**What needs to be done:**
The material below contains a line with "Akaen Group –" and a line with "Mercedes-Benz EQC 400 4MATIC (foto 23)". Copy exactly those two lines and all lines between them.

**Exercise data:**
+++

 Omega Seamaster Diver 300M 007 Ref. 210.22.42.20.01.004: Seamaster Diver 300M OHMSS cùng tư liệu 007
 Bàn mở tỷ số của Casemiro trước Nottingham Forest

+++

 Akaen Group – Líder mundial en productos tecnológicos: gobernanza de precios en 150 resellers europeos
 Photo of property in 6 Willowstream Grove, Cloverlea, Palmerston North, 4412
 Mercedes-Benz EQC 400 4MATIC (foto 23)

+++

**Response to this task:**
 Akaen Group – Líder mundial en productos tecnológicos: gobernanza de precios en 150 resellers europeos
 Photo of property in 6 Willowstream Grove, Cloverlea, Palmerston North, 4412
 Mercedes-Benz EQC 400 4MATIC (foto 23)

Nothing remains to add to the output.